This statement, taken on its face, is kind of missing the point. No one is arguing that anyone believes all black people have the exact same experience. The argument is over whether there are _specific _experiences that are universal to being black. The 'data and science' bit confused me. Do you mean that statistically, certain traits predict certain outcomes? The problem with this argument is that it is inherently heuristical. In the sense that, unless a specific trait (black) can be demonstrated to not only predict certain outcomes (experiences of racism, etc), but inherently produce said outcomes, it is merely equivalent to saying 'if you are black, it is quite probable that you will experience racism.' Which is a far cry from some kind of 'universal' black experience. 

It is probably valid at this point to begin examining the idea of culture. When I say I am in a 'culture', what I really mean to say is "I find myself in a place where certain values and beliefs are generally, but not universally, held." It then follows for us to attempt to discover what fuels the propagation of such values, and in my opinion, this is where things become tricky. The concept of 'culture' has sort of overgrown its moorings in recent years, to the extent that I feel it has become disconnected from what actually creates culture, namely individuals making individual decisions regarding what they believe.

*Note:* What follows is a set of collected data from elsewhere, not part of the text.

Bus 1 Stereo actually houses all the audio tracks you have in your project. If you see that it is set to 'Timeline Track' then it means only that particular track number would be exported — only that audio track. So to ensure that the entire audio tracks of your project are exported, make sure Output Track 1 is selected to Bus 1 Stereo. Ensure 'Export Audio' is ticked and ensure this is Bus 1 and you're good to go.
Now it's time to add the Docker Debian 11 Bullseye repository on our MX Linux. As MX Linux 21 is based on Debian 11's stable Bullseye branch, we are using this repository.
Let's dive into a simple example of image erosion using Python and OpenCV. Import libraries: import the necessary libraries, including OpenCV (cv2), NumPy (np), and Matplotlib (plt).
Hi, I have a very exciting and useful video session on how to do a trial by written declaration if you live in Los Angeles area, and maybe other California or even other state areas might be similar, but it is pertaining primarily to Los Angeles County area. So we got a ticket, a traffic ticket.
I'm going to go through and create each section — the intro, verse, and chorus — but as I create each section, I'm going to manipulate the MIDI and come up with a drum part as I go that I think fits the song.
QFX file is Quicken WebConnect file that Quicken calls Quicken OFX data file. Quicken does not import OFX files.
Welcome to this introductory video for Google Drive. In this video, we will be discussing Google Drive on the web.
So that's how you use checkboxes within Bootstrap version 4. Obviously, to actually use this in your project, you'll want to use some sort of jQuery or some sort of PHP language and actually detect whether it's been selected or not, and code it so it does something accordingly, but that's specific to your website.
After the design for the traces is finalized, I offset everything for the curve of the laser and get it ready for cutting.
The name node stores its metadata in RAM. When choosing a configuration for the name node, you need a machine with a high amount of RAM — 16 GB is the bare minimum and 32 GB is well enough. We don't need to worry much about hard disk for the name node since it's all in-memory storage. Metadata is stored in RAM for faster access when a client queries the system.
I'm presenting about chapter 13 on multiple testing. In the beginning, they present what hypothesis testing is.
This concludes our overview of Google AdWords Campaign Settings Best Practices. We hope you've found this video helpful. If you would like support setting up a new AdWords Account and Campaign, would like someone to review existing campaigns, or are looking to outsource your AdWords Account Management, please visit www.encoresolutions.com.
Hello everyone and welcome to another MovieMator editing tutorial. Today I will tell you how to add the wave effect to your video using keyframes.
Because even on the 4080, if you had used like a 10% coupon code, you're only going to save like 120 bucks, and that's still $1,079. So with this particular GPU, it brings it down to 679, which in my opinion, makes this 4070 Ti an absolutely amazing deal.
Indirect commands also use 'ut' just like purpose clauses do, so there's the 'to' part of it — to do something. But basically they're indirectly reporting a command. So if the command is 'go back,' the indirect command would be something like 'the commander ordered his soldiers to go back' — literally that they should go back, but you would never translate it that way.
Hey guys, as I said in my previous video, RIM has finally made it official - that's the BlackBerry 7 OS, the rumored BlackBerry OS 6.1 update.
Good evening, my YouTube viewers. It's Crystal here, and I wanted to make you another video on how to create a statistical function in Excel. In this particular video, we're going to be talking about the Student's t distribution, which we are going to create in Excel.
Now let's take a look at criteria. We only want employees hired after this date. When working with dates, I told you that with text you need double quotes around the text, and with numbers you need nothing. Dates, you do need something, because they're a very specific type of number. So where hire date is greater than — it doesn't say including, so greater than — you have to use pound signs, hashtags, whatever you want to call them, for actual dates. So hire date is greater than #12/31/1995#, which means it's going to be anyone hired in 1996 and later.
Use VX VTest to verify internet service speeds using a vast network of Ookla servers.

I understand such decisions are not made in some kind of social vacuum. That is not my point. My point is that it is still _entirely _fueled by the beliefs and attitudes of real people who actually exist. There is not some mystical force called 'culture' running around wrecking havoc independent of the individuals who hold its values. 

And this goes back to what on earth it means to 'be black.' Whenever someone says 'being black,' it is almost immediately followed by the word 'in.' Meaning, in a white culture, a racist culture, a Eurocentric culture, etc. The problem is, as previously established, no such culture is universal. So while the _experience _is valid, the argument that it _must _be universal seems to me to be patently false. With regards to culture, we are constantly in a place of shifting boundaries and definitions. So I feel highly uncomfortable saying certain things _must _be universal because they are cultural. It seems like another form of environmental determinism, AND REMEMBER. The problem with environmental determinism is not that we aren't products of our environment, it is that our environment is in constant flux.


----------



## Joker (Sep 27, 2020)

BornForBurning said:


> This statement, taken on its face, is kind of missing the point. No one is arguing that anyone believes all black people have the exact same experience. The argument is over whether there are _specific _experiences that are universal to being black. The 'data and science' bit confused me. Do you mean that statistically, certain traits predict certain outcomes? The problem with this argument is that it is inherently heuristical. In the sense that, unless a specific trait (black) can be demonstrated to not only predict certain outcomes (experiences of racism, etc), but inherently produce said outcomes, it is merely equivalent to saying 'if you are black, it is quite probable that you will experience racism.' Which is a far cry from some kind of 'universal' black experience.
> 
> It is probably valid at this point to begin examining the idea of culture. When I say I am in a 'culture', what I really mean to say is "I find myself in a place where certain values and beliefs are generally, but not universally, held." It then follows for us to attempt to discover what fuels the propagation of such values, and in my opinion, this is where things become tricky. The concept of 'culture' has sort of overgrown its moorings in recent years, to the extent that I feel it has become disconnected from what actually creates culture, namely individuals making individual decisions regarding what they believe. I understand such decisions are not made in some kind of social vacuum. That is not my point. My point is that it is still _entirely _fueled by the beliefs and attitudes of real people who actually exist. There is not some mystical force called 'culture' running around wrecking havoc independent of the individuals who hold its values.
> 
> And this goes back to what on earth it means to 'be black.' Whenever someone says 'being black,' it is almost immediately followed by the word 'in.' Meaning, in a white culture, a racist culture, a Eurocentric culture, etc. The problem is, as previously established, no such culture is universal. So while the _experience _is valid, the argument that it _must _be universal seems to me to be patently false. With regards to culture, we are constantly in a place of shifting boundaries and definitions. So I feel highly uncomfortable saying certain things _must _be universal because they are cultural. It seems like another form of environmental determinism, AND REMEMBER. The problem with environmental determinism is not that we aren't products of our environment, it is that our environment is in constant flux.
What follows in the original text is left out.